> _DATA SUPPLIED_:
━━━━

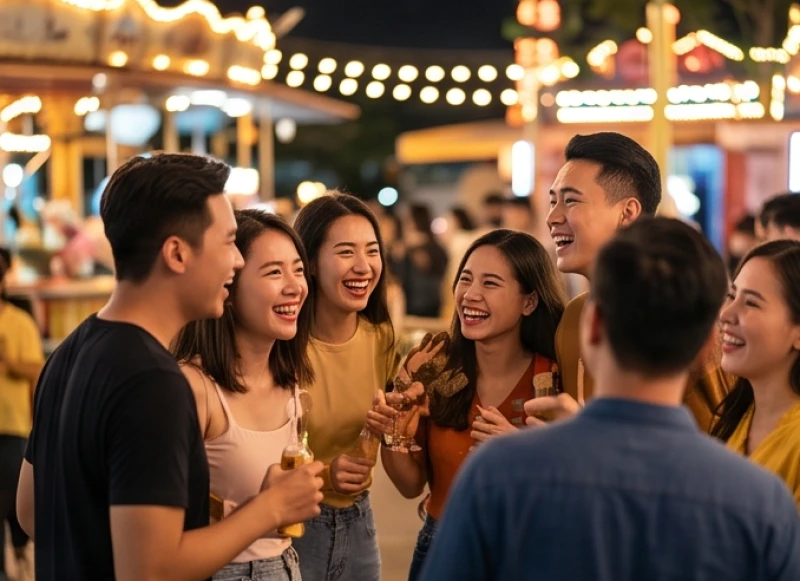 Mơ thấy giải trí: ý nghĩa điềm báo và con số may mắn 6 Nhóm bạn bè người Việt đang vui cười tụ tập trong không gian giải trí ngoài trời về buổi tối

━━━━

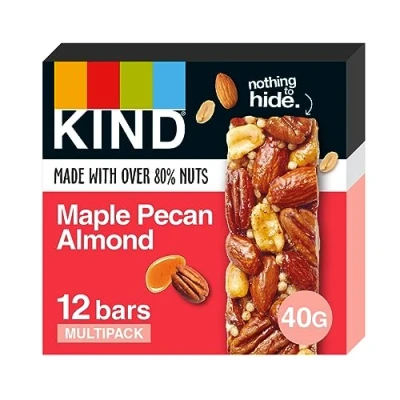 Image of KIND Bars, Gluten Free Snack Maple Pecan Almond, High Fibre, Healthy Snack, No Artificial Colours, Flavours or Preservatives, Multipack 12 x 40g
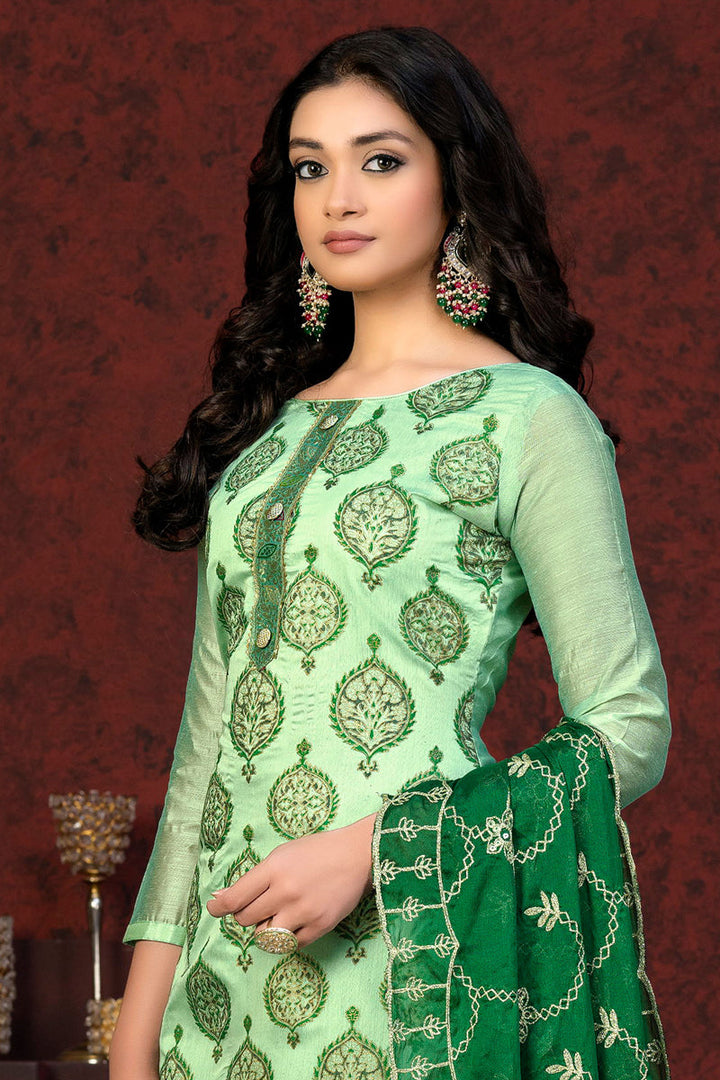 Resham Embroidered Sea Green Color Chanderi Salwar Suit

━━━━

> _TASK REQUIREMENTS_: Set the pictures aside and reproduce exactly the lines above, from the line holding "Image of KIND" through the line holding "Resham Embroidered Sea", both included, with nothing else.

> _FINAL ANSWER_:
 Image of KIND Bars, Gluten Free Snack Maple Pecan Almond, High Fibre, Healthy Snack, No Artificial Colours, Flavours or Preservatives, Multipack 12 x 40g
 Resham Embroidered Sea Green Color Chanderi Salwar Suit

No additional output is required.